SherlockHolmes: An R Program to Analyze the Hidden Structure
of Sherlock Holmes Stories by Statistical Pattern Analysis of
Concordances
Barry
Zeeberg
Motivation
Although Arthur Conan
Doyle was best known for his 60 Sherlock Holmes stories, he was a
prolific writer of many other works
[https://en.wikipedia.org/wiki/Arthur_Conan_Doyle].
For many decades, I have
been interested in the Sherlock Holmes stories. I have also had an
interest in the Dutch artist Johannes Vermeer, the American artist
Edward Hopper, and the American bluesman Robert Johnson. Perhaps it is
just some peculiarity of my own subjective perception, but for each of
these I tend to categorize e.g. “real Vermeers”
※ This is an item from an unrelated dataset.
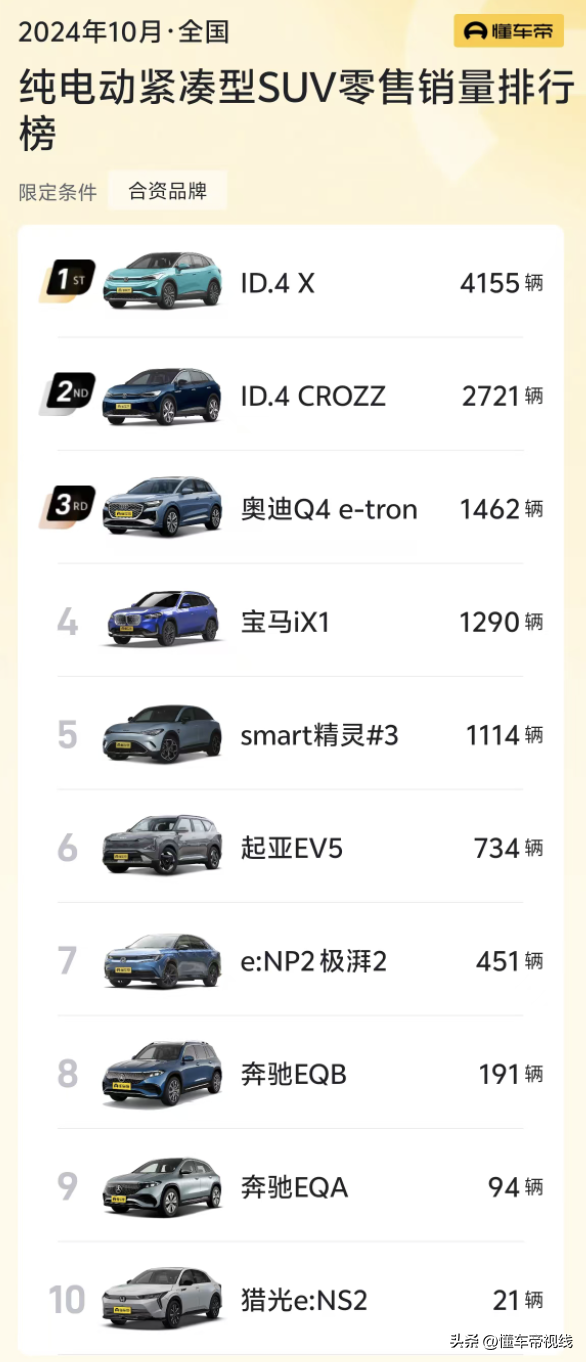 新车 | 新删朝雾绿+暗乌骑士乌光包套件，2025款群众ID.4 CROZZ民图-13.jpg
versus “fake Vermeers.” I do not
mean “fake” in the sense of a forgery. I mean that certain of the
Vermeer paintings strike me as representing why he is so
highly-regarded, and others are more or less “pedestrian” (as a math
professor used to say about calculus proofs that were fairly
routine).
I found that some of the
Sherlock Holmes stories seemed more like stories about something else,
and Sherlock was just added as an afterthought. Without any actual
knowledge of the subject, I assumed that Sherlock was very popular, and
Conan Doyle could just use Sherlock as a “bait” to get more readership
of his “other” stories.
It would be rather
tedious to read each story and tabulate how much of a story was really
Sherlock detecting, and how much was seemingly thousands of pages about
soldiers in India or the KKK. It occurred to me that I could write an R
program to perform a concordance that might shed some light on the
matter in an objective manner. It is always gratifying to “validate” my
subjective biases using an objective procedure J.
The idea that I had was
that Watson was usually present in the stories, and he would either
address Sherlock directly, calling him “Holmes,” or he would mention
“Holmes did or said such and such.” The point is that, thanks to the
presence of Watson as his chronicler, the literal string “Holmes” could
be used as a proxy for the presence or activity by Sherlock. I am not
sure that this could be done as successfully in
general.
Technical
Methods
All analyses are performed by invoking
Sherlock(titles,texts,patterns,toupper,odir,minl=100,P=0.00001,verbose=FALSE)
In two of the figures
presented below (Figures 5 and 6), I used an excellent R language
package “dpseg: Piecewise Linear
Segmentation by Dynamic Programming” by Rainer Machne and Peter Stadler. This package implements
piecewise linear regression modeling, and enables a quantitative
analysis of the results in those 2 figures. Dr. Machne kindly provided
me with the source code for the plotting function, that permitted me to
make several minor custom modifications.
Literary
Methods
An excellent single text
file containing all of the stories is readily available online
[https://sherlock-holm.es/stories/plain-text/cano.txt]. A small
amount of manual editing was required to prepare this file for automated
analysis (mostly consisting of deleting some passages that were not part
of the story, and some chapter subtitles,
etc.).
The full version
(contents.txt and processed_download.txt), and an abbreviated version
(contents3.txt and processed_download3.txt) of the titles and text files
for the Sherlock Holmes stories are provided in
/inst/extdata.
The 60 Sherlock Holmes
stories are comprised of 4 novels and 56 short stories. My recollection
is that the 4 novels are the most flagrant in not being “real” Sherlock
Holmes stories, although there were plenty of short stories for which
this is also true. There was one short story “The Adventure of the Blue
Carbuncle,” which I remember had a very high degree of participation by
Holmes. I certainly expect that the analyses described below will be
consistent with these subjective impressions.
I performed 2 types of
analyses.
The first type counted
the number of times that the search pattern “Holmes” appeared, in
comparison with the total number of words, in each story. A low ratio of
“Holmes”/total could indicate a “fake” Sherlock story.
The second type
constructed a cumulative distribution of “Holmes” and of total words.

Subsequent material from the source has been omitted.